# Sfic lcp m&p



## vedwards (Nov 21, 2016)

Wow that's a lot of abbreviations in the title! Sorry! 

I've been using this type of M&P base and I really love it. BUT - Brambleberry and Bulk Apothecary are where I have bought it, and they seem to take FOREVER to ship to me. Does anyone have any other places that sell this for a comparable price/shipping but are a little faster? The orders I've placed are taking 1 week (fastest) to 2 weeks. 

Thanks!


----------



## cmzaha (Nov 21, 2016)

Essentials by Catalina has their own base which is nice and they also have Stephenson's base. They ship quickly but I do not know how much shipping costs would be, since there is free shipping with an order of $250.00 of Fragrances and Bases, so I really do not know how their shipping compares, since we usually hit the free ship or I would will call. I will warn you, they have very nice fo's but most are not cp friendly, but work very nicely in m&p. My daughter used a lot of their fo's but I could not use any of them


----------



## lsg (Nov 21, 2016)

I like Wholesale Supplies Plus.  If you use Prime on Amazon.com, your orders are usually shipped in two days or less.  I am sure they sell M&P base.


----------



## vedwards (Nov 21, 2016)

lsg said:


> I like Wholesale Supplies Plus.  If you use Prime on Amazon.com, your orders are usually shipped in two days or less.  I am sure they sell M&P base.

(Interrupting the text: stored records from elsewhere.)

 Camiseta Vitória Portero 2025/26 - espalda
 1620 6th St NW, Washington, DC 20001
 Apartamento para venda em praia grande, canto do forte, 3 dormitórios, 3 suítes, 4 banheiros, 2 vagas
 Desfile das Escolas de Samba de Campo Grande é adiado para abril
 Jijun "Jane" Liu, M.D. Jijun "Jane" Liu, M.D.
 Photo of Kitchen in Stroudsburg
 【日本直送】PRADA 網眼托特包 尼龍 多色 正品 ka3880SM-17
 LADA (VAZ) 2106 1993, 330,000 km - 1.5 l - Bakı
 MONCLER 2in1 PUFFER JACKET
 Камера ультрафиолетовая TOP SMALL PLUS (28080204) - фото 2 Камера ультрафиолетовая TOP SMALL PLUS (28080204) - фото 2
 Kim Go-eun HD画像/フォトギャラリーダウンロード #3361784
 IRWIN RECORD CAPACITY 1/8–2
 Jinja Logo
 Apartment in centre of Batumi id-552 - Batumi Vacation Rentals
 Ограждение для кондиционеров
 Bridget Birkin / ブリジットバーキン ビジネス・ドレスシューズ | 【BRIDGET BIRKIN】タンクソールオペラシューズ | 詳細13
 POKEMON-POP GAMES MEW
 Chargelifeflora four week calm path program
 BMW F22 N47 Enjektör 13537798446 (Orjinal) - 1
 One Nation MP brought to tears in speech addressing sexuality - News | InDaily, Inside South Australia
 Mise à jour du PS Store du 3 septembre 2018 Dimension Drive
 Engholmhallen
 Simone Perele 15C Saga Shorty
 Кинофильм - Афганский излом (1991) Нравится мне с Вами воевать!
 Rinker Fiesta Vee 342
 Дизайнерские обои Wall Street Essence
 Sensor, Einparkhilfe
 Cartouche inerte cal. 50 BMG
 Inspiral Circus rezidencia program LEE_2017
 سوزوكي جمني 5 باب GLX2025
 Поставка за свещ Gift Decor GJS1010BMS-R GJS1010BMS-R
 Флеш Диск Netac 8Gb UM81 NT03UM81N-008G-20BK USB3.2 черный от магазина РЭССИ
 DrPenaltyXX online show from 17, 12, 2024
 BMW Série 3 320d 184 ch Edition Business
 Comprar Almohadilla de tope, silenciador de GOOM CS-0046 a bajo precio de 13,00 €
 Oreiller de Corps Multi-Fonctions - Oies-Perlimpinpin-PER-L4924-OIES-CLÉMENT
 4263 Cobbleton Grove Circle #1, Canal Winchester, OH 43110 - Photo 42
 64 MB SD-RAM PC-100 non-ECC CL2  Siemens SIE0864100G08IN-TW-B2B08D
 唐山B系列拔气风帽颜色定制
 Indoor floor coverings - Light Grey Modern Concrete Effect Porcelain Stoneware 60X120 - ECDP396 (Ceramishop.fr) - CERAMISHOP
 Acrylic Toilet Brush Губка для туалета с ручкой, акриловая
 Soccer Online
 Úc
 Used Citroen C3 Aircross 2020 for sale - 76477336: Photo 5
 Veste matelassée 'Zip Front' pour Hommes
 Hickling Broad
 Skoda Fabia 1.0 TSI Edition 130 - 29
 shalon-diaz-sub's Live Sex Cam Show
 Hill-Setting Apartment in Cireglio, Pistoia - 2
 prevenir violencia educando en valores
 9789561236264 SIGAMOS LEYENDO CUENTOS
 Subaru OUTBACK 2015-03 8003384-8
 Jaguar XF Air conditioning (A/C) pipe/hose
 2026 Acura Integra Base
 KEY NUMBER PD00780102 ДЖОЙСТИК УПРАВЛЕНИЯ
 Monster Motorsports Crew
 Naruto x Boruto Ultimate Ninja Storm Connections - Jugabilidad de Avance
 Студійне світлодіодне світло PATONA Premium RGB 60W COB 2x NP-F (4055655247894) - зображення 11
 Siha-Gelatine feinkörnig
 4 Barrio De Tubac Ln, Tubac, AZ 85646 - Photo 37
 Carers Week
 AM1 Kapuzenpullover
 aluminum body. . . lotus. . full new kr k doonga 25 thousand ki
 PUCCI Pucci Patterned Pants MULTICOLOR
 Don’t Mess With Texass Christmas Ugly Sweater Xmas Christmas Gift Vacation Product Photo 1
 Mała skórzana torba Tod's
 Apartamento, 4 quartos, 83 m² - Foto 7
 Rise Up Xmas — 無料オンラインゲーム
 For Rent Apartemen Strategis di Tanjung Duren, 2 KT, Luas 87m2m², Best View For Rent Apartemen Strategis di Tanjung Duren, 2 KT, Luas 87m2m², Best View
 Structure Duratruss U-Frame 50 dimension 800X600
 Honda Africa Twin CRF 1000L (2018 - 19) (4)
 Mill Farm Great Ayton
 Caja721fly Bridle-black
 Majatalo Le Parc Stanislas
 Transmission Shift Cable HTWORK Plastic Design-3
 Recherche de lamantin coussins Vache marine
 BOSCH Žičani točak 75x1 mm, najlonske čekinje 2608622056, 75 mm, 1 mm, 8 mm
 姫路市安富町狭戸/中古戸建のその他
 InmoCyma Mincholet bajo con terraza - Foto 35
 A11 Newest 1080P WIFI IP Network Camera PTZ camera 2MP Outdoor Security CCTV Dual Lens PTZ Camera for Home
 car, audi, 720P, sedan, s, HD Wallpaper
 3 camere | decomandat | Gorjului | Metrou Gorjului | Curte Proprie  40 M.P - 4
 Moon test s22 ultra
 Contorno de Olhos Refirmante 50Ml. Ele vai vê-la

Thanks! I've looked on Amazon (since I do have prime) but they don't sell the one I'm looking for - at least not at a price that doesn't end up being more, even with the free shipping. I'll look up the info for Wholesale Supplies Plus!


----------



## Jenniferf45 (Dec 16, 2016)

Chemistrystore.com sells Stephenson base. It's a great mp base in case you can't find sfic. They are located in South Carolina and have extremely fast shipping. Usually same day. Good luck!


----------